A liberal weekly welcomes the alliance of liberal-led East European cities as the advance guard of a potential shift in government throughout the region. A conservative constitutional lawyer warns the leaders of the cities that now they must prove their ability to govern in order to become serious challengers to the incumbent government.

In its weekly editorial, Magyar Narancs recalls that last autumn it predicted further opposition success in Slovakia after a liberal candidate was elected Mayor of Bratislava. That is precisely what happened this year, first in the European Parliamentary elections, then with the presidential election won by Zuzana Čaputová a liberal environmentalist. The editors hope that the united opposition will triumph in the parliamentary election in the neighbouring country scheduled for February next year. Their decision to publish a first page comment on Slovakian affairs was prompted, they openly admit, by the fact that Hungary’s own disparate but united opposition parties defeated the government side in 11 big cities in October. Moreover, the new Mayor of Budapest hosted a conference of the Mayors of the capitals of the four Visegrád countries, all of them liberals. Although their first meeting and the declaration of an alliance they issued in its wake are largely of symbolic value, Magyar Narancs writes, the political forces that delegated them may in due course be able to reverse what the editors call ‘the negative political processes underway in the region’.
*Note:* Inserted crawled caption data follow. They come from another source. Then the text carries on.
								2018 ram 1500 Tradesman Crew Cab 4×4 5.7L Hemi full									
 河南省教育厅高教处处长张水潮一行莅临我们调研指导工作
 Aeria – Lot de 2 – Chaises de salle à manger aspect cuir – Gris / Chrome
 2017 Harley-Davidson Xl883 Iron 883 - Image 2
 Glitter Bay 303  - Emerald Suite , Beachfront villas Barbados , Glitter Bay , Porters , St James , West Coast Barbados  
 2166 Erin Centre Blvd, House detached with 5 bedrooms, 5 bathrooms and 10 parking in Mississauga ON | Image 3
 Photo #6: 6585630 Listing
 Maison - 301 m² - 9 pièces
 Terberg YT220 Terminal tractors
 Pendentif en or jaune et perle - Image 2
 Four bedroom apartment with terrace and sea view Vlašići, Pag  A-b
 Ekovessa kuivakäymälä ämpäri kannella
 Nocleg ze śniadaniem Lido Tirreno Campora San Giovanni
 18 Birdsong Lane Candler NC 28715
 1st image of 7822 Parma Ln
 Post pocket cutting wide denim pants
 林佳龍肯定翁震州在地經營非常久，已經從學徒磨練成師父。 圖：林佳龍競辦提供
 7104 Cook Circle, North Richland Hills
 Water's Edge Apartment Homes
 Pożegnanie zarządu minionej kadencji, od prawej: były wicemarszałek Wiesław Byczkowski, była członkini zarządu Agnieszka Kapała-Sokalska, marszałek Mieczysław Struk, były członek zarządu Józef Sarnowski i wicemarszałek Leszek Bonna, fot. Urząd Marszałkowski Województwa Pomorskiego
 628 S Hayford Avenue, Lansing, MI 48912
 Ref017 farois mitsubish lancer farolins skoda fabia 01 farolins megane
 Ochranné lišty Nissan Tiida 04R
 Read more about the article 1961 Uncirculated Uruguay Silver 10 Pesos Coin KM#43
In an interview with 168 óra, outgoing Constitutional Court judge István Stumpf warns newly elected opposition mayors and the parties behind them that they owe their posts to the dissatisfaction of many urban voters with the government, rather than their own performance. So far, he elaborates, opposition politicians have been active in staging provocative scenes in Parliament, but now that some of them have been elected as leaders of important communities it is time for them to pass the governance test. As a former key Cabinet minister in Prime Minister Orbán’s first government from 1998 to 2002, he offers an insight into the Prime Minister’s policy aimed at promoting a group of entrepreneurs, an attitude defined by his opponents as cronyism and resulting in widespread corruption. Stumpf recalls how in the late 1990s and early 2000s, the Prime Minister planned to help create a domestic capitalist class including eight or ten outstanding entrepreneurs. Such a group of indigenous big businessmen existed at that time in neighbouring countries, and Mr Orbán felt it essential to create a similar network of business groups with a vested interest in supporting the regime and in ensuring that the country should not depend on foreign creditors, Stumpf explains.